▶ [Task to carry out] Exactly the lines below from the line with "DreamBid. Zdjęcie 2." through the line with "Фотография рекламного носителя, тип: Пиллар" must make up the answer, both ends included and pictures left out.

▶ [Provided material]
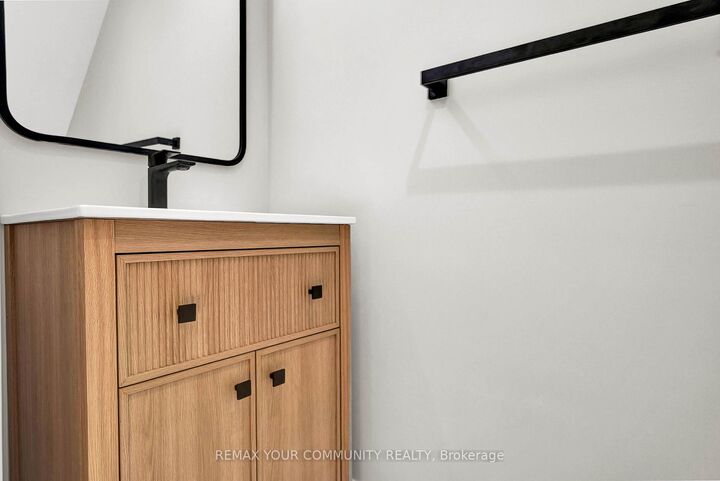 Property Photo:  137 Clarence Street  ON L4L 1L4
---
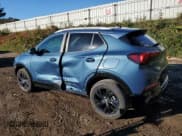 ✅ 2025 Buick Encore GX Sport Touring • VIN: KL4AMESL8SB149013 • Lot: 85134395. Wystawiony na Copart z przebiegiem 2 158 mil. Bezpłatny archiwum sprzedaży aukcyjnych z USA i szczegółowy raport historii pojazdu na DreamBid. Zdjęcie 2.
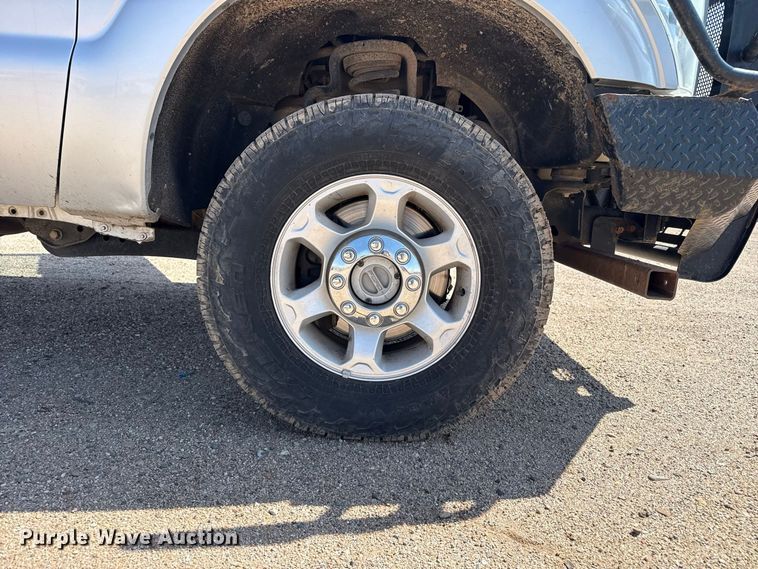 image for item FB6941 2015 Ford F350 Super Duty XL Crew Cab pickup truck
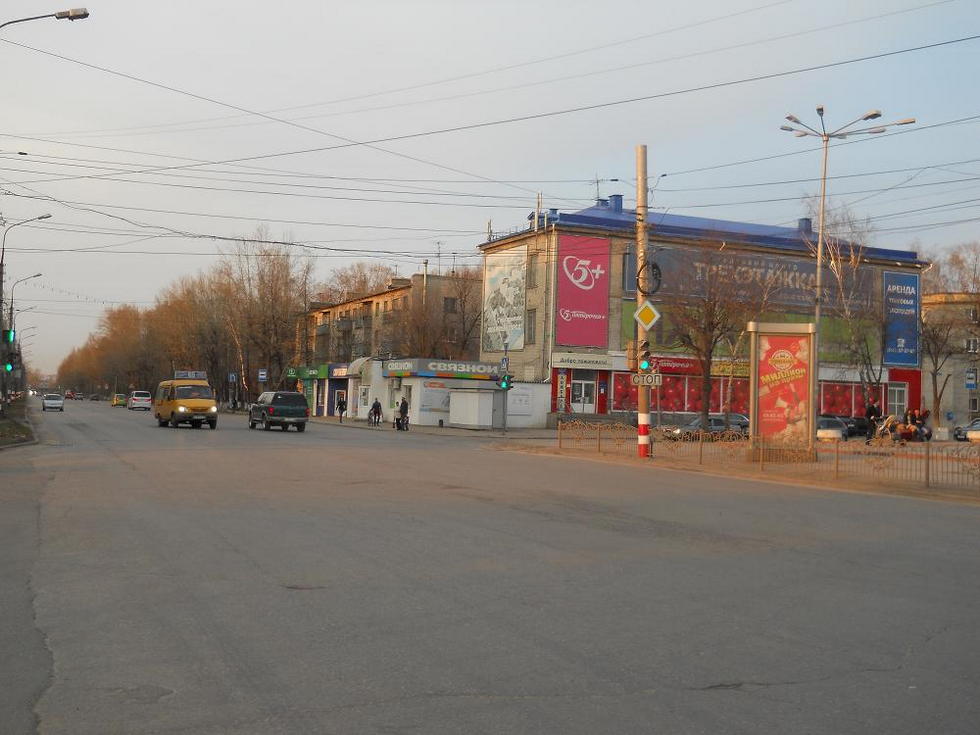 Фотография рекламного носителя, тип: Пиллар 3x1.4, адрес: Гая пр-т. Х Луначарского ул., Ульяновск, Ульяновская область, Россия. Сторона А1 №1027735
...
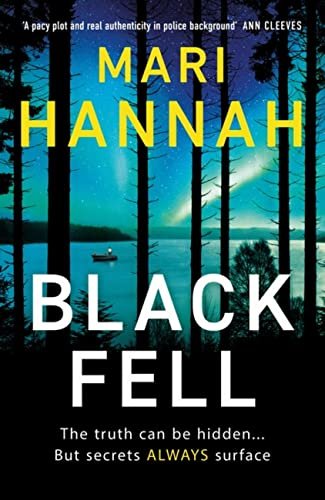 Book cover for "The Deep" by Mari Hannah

▶ [Task output]
 ✅ 2025 Buick Encore GX Sport Touring • VIN: KL4AMESL8SB149013 • Lot: 85134395. Wystawiony na Copart z przebiegiem 2 158 mil. Bezpłatny archiwum sprzedaży aukcyjnych z USA i szczegółowy raport historii pojazdu na DreamBid. Zdjęcie 2.
 image for item FB6941 2015 Ford F350 Super Duty XL Crew Cab pickup truck
 Фотография рекламного носителя, тип: Пиллар 3x1.4, адрес: Гая пр-т. Х Луначарского ул., Ульяновск, Ульяновская область, Россия. Сторона А1 №1027735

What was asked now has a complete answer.